The Illinois Business Association, a nonprofit business advocacy group, commissioned a poll by Chicago-based Ogden & Fry asking Illinois residents about how businesses will fare under Pritzker’s proposed graduated income rates, which are dependent on voters passing a ballot initiative in 2020.
Of 615 randomly sampled likely 2020 General Election voters on Nov. 15, 68 percent agreed with the statement that “Businesses will cut jobs, or relocate jobs out of state, and Illinois’ economy will suffer” under the proposed rates rather than create more jobs to grow the state’s economy.
Fifty-seven percent said they didn’t trust Illinois politicians, saying they though lawmakers would raise rates in the future beyond what was initially proposed.
Um, OK. First of all, if a pollster doesn’t disclose the percentage of landlines and mobile phone contacts, that raises a red flag, and this pollster does not do so. Robopolls can only legally contact landlines.
* Secondly, this is essentially a push poll. Here’s the setup to the first question…

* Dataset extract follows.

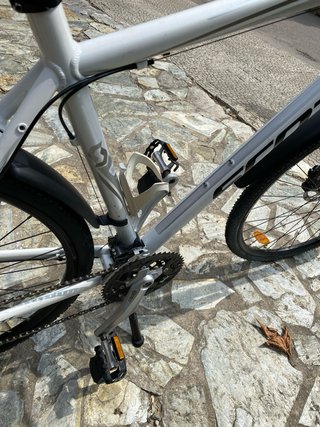 Bicicleta Scott Sportster 30 XL Blanca rueda 700.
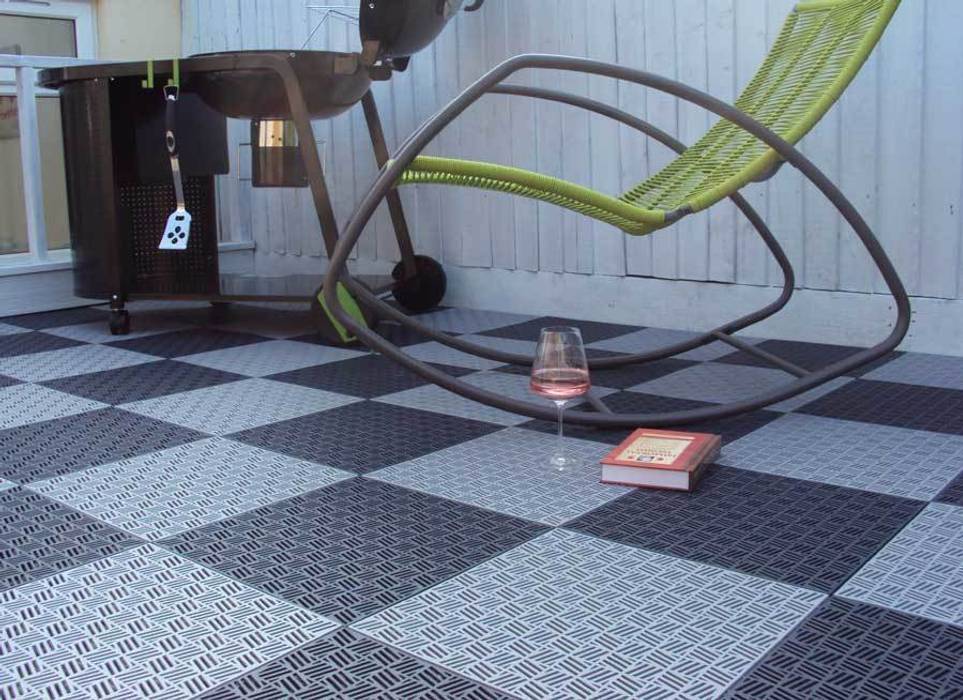 Bergo Briq tiles Ecotile Flooring بلكونة أو شرفة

Q1: Governor Pritzker has proposed a new tax increase, the Fair Tax, that changes Illinois’ flat income tax to a progressive income tax that taxes higher levels of income at higher rates. It also increases taxes on corporations and small businesses. The governor says the tax increase is needed to help stabilize Illinois’ budget and grow the state economy. Opponents of the Fair Tax say that raising taxes on the wealthy and businesses will lead to job losses, jobs moving out of state, and economic stagnation.

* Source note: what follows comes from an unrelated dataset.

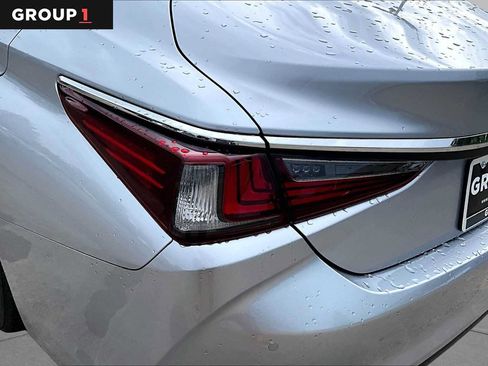 Used 2025 Lexus ES 350 w/ Premium Package FWD image 26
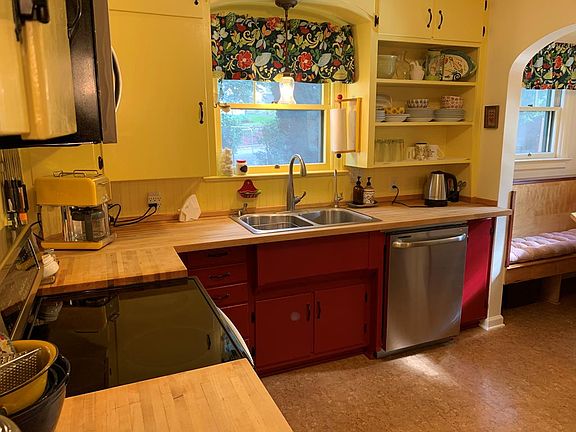 4th image of 608 E Clay St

No indication that the tax increase would be shouldered by just three percent of individual taxpayers. Big problem.
Now, here’s the question…
Which of the following statements comes closest to your view, even if neither is one-hundred percent accurate?
Raising taxes on Illinois businesses is a good way to grow the state economy.
Raising taxes on Illinois businesses won’t lead to economic growth.
* After two more such push questions, here’s the final question…
Q4: Over the last decade, states with progressive income tax rates have seen slower growth in jobs and wages compared to states with flat tax rates or no state income taxes. In the most recent state to switch to a progressive income tax, middle class families have seen their taxes go up thirteen percent since it was enacted and the state lost 362,000 jobs. Knowing this, do you support or oppose adopting a progressive income tax?
I’m surprised the support is as high as it is after all that.
* What this poll means is that if the opponents’ message has unfettered access to voters, their argument likely wins. But that won’t happen. The governor has almost unlimited money he can spend on his own arguments.